A superintendente geral do Imip (Instituto de Medicina Integral Professor Fernando Figueira), Tereza Campos, diz que o serviço de transplantes da instituição sofreu com a situação nacional de falta de doadores e, consequentemente, com a queda de cirurgias durante a pandemia. . O hospital é o maior centro de transplantes do Norte e Nordeste.

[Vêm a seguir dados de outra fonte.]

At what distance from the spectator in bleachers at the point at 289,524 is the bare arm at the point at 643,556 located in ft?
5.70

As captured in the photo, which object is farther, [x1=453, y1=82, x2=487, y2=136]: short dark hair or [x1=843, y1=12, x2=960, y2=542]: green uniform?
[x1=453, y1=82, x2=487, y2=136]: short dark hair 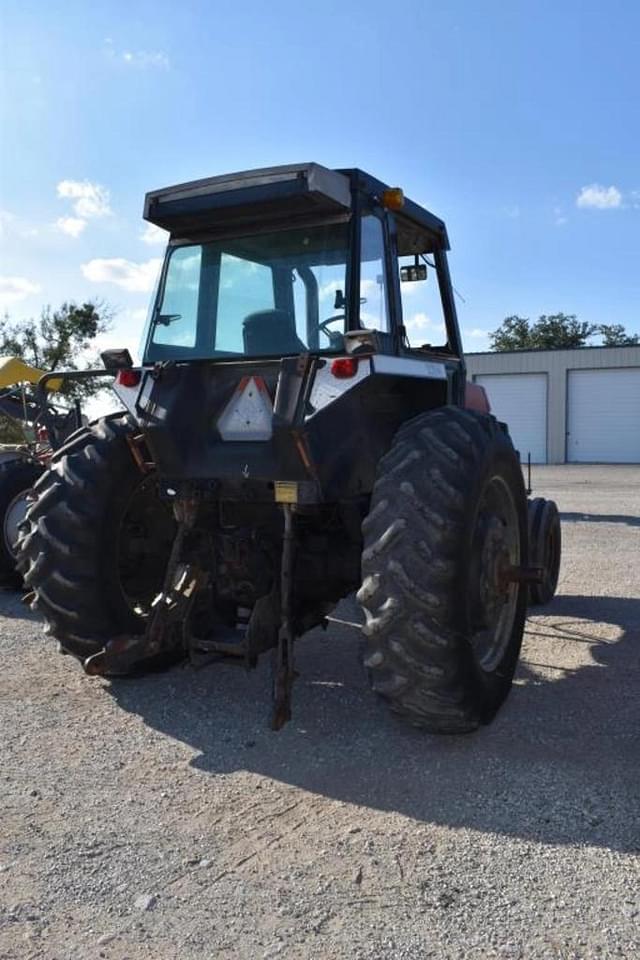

“A principal causa da queda na taxa de efetividade da doação foi o aumento de 60% na taxa de contraindicação da doação, que passou de 15% em 2019 para 24% em 2021. Esse aumento se deu por conta das medidas tomadas no início da pandemia para evitar a transmissão da Covid-19 pelo transplante, pois o risco de transmissão era desconhecido. Diante desse contexto, o Imip adota todas as medidas necessárias para garantir a segurança do paciente, recuperar o desempenho de 2019 e continuar salvando vidas. No momento, estamos desenvolvendo campanhas em nossas redes sociais e na instituição para conscientizar a população sobre a importância da doação de órgãos.”
O técnico de informática Ramon Carlos, 29 anos, alguns anos antes da pandemia fez um transplante de córnea nos dois olhos. O problema de visão foi percebido na adolescência e trouxe prejuízos no desempenho escolar. O diagnóstico de ceratocone o levou inicialmente ao uso de lente de contato e posterior necessidade de transplante, que foi realizado no Imip.
“Usei lentes de contato até chegar a minha vez na fila. Estava tenso, obviamente, com medo de que o organismo não aceitasse a córnea. Mas a cirurgia foi um sucesso. Passei alguns dias com um tapa-olho e depois comecei a usar óculos simples que já corrigiam minha visão. Três anos e meio depois, me recomendaram fazer o transplante do outro olho também. Hoje eu vejo muito bem. As dificuldades de estudar, praticar esportes, que eu não poderia fazer sem as lentes, acabaram”, diz Ramon Carlos. Anos após o transplante, ele só precisa continuar usando colírio e fazer acompanhamento médico anual.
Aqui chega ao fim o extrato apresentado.